By Heather Travis, Western News

All over the world businesses are reacting to the difficult financial climate with layoffs, hiring freezes, and curbed spending habits, all of which are dampening people’s so-called “animal spirits,” says world-renowned economist and author Robert Shiller. Shiller, the Arthur M. Okun Professor of Economics at Yale University, spoke about "Animal Spirits: How Human Psychology caused the Current Economic Crisis” at the recent first Beattie Family Lecture in Business Law.

“Animal spirits, we think, is the big driver of the economy, maybe responsible for most of the fluctuations that we see.”

Shiller admits his perspective is contrary to that of most economists who tie shifts to something more concrete, such as decisions of investment banks. So set aside a lot of the complex financial jargon flooding most newscasts. “We think economies are driven by stories.”

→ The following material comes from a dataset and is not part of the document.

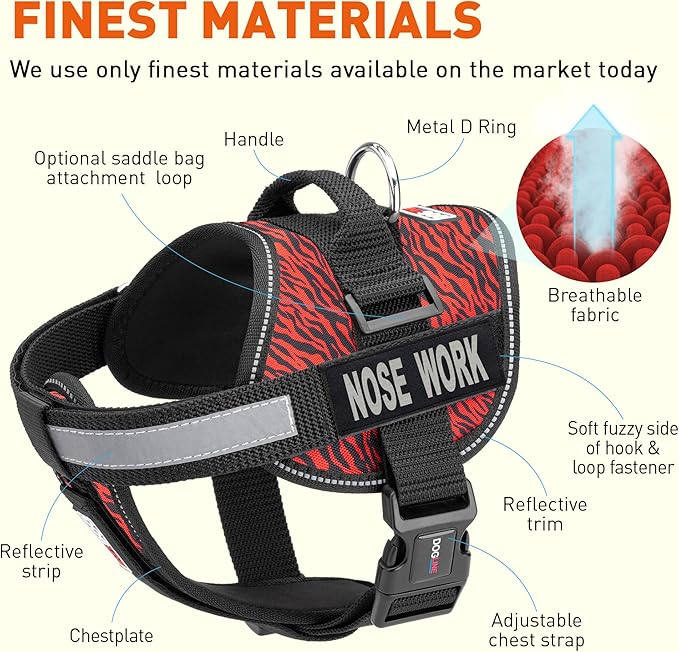 Dogline Unimax Dog Harness Vest with Nose Work Patches Reflective No-Pull, Adjustable Straps, Breathable Neoprene for Medical, Service, Identification and Training Dogs Girth 22 to 30" Zebra Red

Most people don’t know about large investment banks, such as Bear Stearns and Lehman Brothers, says Shiller. Instead, when “your neighbor just lost his job and they are closing the factory down, there is a switch in your mind that gets turned on that ‘hey these are bad times.’ “When lots of people make that switch, it becomes a self-fulfilling prophecy.”

Heightened financial concern has contributed to world-wide reactions – personal spending restraint, the pulling out of investments and fretting about the economic future. “We just really don’t know the future. There are a lot of people pretending to know the future and they make careers of pretending to do that, but you know they are show people. Nobody knows,” he says.

Noting it is difficult to see a silver lining in the economic downturn and that businesses depend on some estimate of the future, Shiller says the only way to turn the tide is for governments to increase morale.

“Governments are the most important to do that. The problem is they have to do it in a consistent way without over-stimulating optimism.”

He says the Canadian financial climate is similar to the United States because many trade industries, such as the automotive industry, tie the two countries.

Market fluctuations in Canada often mimic what is happening in the U.S. If citizens believe there is an end to the current economic situation, rather than being overwhelmed by the magnitude of it, the communal psyche will improve and the economy will rebound. But individual countries cannot solve this economic problem alone.

“This is a world problem and if any one country tries to deal with the crisis on its own, it can’t do it because the effects will diminish by the international transmission,” he says, adding it may also lead to protectionism.

“I am worried about this crisis and I think we can do something about it,” he says. It will be five to ten years of legal work ahead to fix the regulatory environment and the vulnerability of the economy, he says. “It’s going to take a long time.”

In his bestselling book, “Irrational Exuberance,” an analysis of speculative bubbles, Shiller predicted the peak and collapse of the stock market. The first edition was published in March 2000, the same month the tech stock bubble burst. In the 2005 second edition, Shiller was one of the first to identify a real estate bubble in the U.S. and he predicted it would burst and trigger a financial crisis. He explained the origins of the housing and economic crisis and outlined a plan for recovery in “Subprime Solution: How the Global Financial Crisis Happened and What To Do About It” (2008). His new book, “Animal Spirits: How Human Psychology Drives the Economy, and Why It Matters for Global Capitalism,” co-authored with Nobel Prize winner George Akerlof, was published in March 2009.

The Beattie Family Lecture Series in Business Law was established by Geoff Beattie, LLB ’84, Western’s $500-million volunteer fundraising campaign chair, and deputy chairman of Thomson Reuters and president of The Woodbridge Company Limited.